Meghan Markle wants to protect her friends’ identities. The Duchess of Sussex’s legal team has applied for an injunction to prevent the Daily Mail and Mail on Sunday from publicly revealing the names of her five friends, who gave anonymous interviews in her defense to People magazine last year. Prince Harry’s wife provided a witness statement as part of the court filing on Thursday, saying, “Associated Newspapers, the owner of The Daily Mail and the Mail on Sunday, is threatening to publish the names of five women - five private citizens - who made a choice on their own to speak anonymously with a US media outlet more than a year ago, to defend me from the bullying behaviour of Britain’s tabloid media.”
“These five women are not on trial, and nor am I. The publisher of the Mail on Sunday is the one on trial.
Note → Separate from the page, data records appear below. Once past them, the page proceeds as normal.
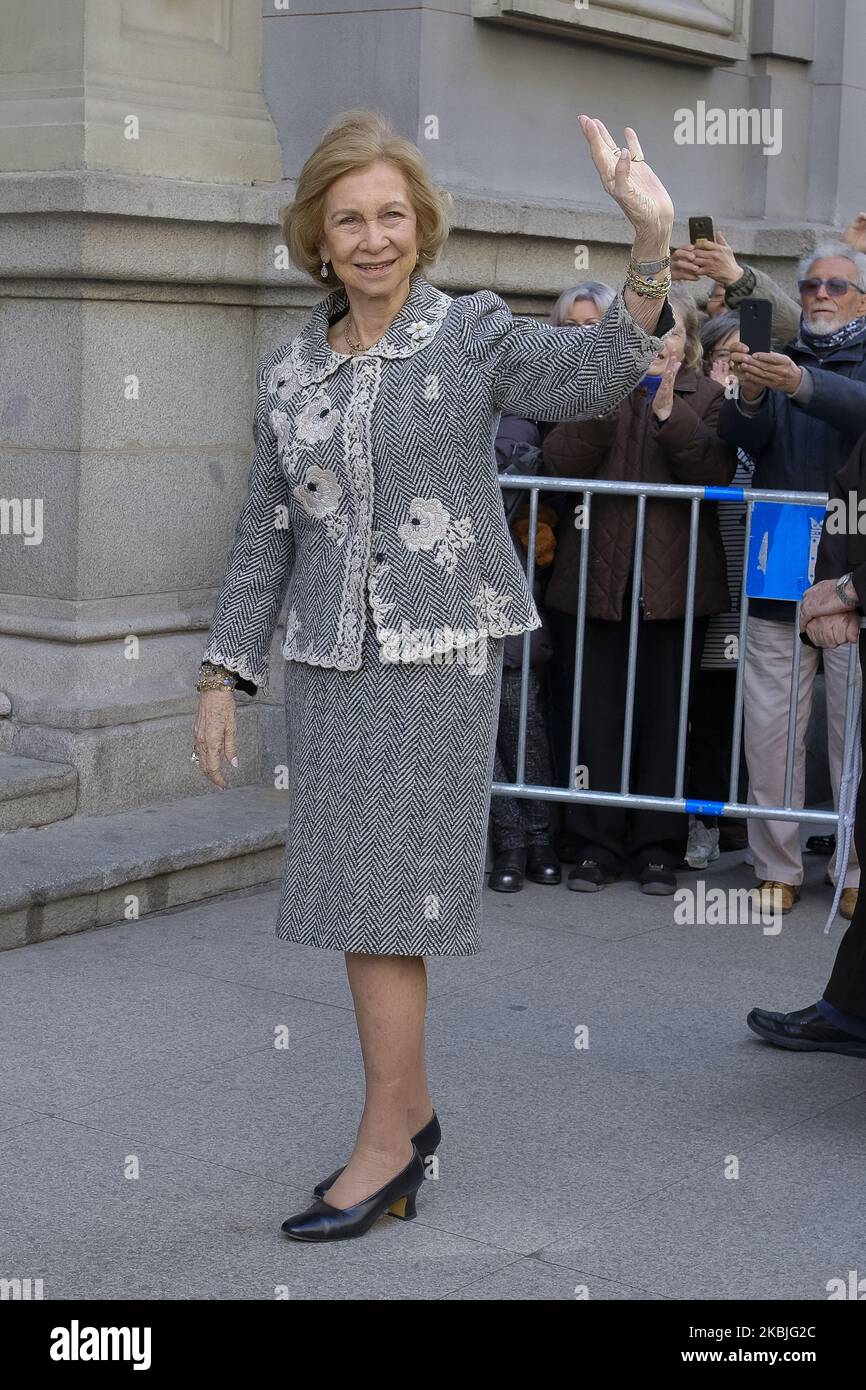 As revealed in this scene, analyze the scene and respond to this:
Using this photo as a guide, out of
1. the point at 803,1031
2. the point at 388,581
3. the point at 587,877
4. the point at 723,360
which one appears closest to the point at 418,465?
the point at 388,581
It is this publisher that acted unlawfully and is attempting to evade accountability; to create a circus and distract from the point of this case - that the Mail on Sunday unlawfully published my private letter,” the Duchess added.
Meghan described each of the women as “a private citizen” and “young mother,” who have “a basic right to privacy.” “Both the Mail on Sunday and the court system have their names on a confidential schedule, but for the Mail on Sunday to expose them in the public domain for no reason other than clickbait and commercial gain is vicious and poses a threat to their emotional and mental wellbeing,” the Suits alum said. “I respectfully ask the court to treat this legal matter with the sensitivity it deserves, and to prevent the publisher of the Mail on Sunday from breaking precedent and abusing the legal process by identifying these anonymous individuals - a privilege that these newspapers in fact rely upon to protect their own unnamed sources.”
A spokesperson for the Mail on Sunday responded (via HOLA! USA’s sister brand HELLO!) to the statement noting that they “had absolutely no intention of publishing the identities of the five friends.” “But their evidence is at the heart of the case and we see no reason why their identities should be kept secret,” the statement continued. “That is why we told the Duchess’s lawyers last week that the question of their confidentiality should be properly considered by the court.”
Meghan is suing the publisher of the Mail on Sunday for breach of privacy and copyright infringement after the British news outlet published extracts of a private letter that wrote to her father Thomas Markle in August of 2018. The letter first came to light last year when five of the Duchess’ “close friends” spoke to People magazine about the “global bullying” Meghan was facing. The American-born royal has denied authorizing her friends to speak with the publication, and has said she was not aware of the story in advance.